Thus, the person who wrote such claims in the report was very likely making an erroneous and inappropriate claim.
If, however, you are fortunate to have something that approximates a true simple probability sample (as opposed to one arrived at through a multi-stage sampling protocol), the equation for calculating a biased estimate for sampling error is this:
(+/-) sampling error = (+/-) z * SQRT (p * q/n)
where
z is the z value for any given level of confidence (e.g., z = 1.96 for the 95% confidence level
p is the observed sample proportion
q = 1 - p
n = number in sample associated with p
(+/-) indicates the positive or negative value of ...
(Note: The term n - 1 may be substituted for n to produce the unbiased estimator.)
You should note that the sampling error depends on the observation itself as well as the confidence level one chooses to use.
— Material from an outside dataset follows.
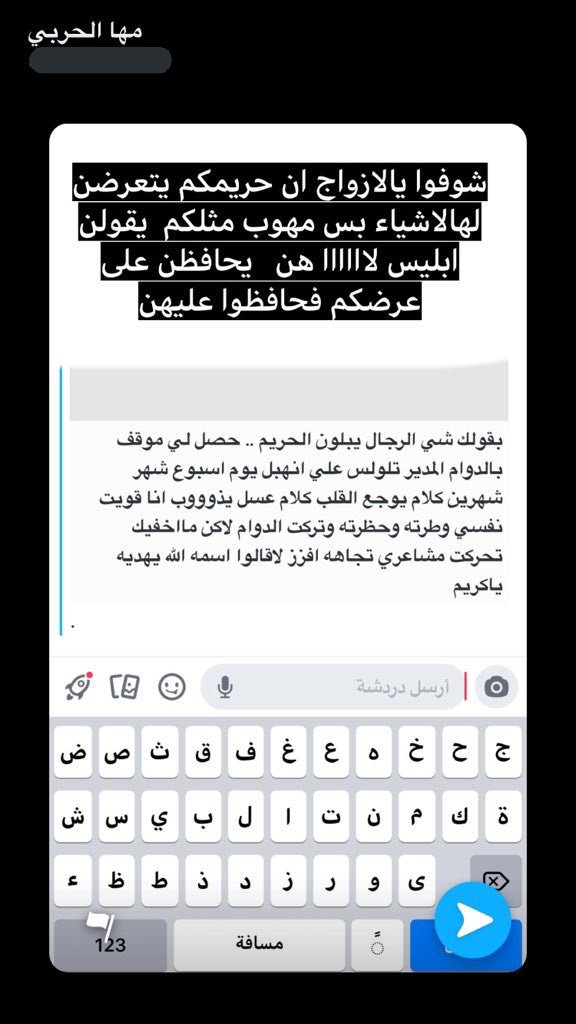 트위터의 أبو مشاري نيزك 님 يقين المسلم يزداد دائما بحكمة الله حين ينهى عن اختلاط الرجال بالنساء مثل هذه القصص هي رد على من يتهم من ينكر الاختلاط بأنه شهواني ومتشدد لكن الواقع لا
You also should note that, for any given pair of values of z and n, sampling error will be maximized when p = 50% (i.e.., when the product of p and 1-p = 0.25) and will grow increasingly smaller as p moves toward the extremes of 100% and 0%. Therefore, when sampling error is reported, it typically is reported under the assumption that the error is maximized at this 50% proportion.
By the way, ASSUMING THAT A SIMPLE PROBABILITY SAMPLE IS BEING DISCUSSED, a maximum margin of error of 5% is obtained at the 95% level of confidence with a sample size of approximately 400.
Regards,
Jonathan E. Brill, Ph.D.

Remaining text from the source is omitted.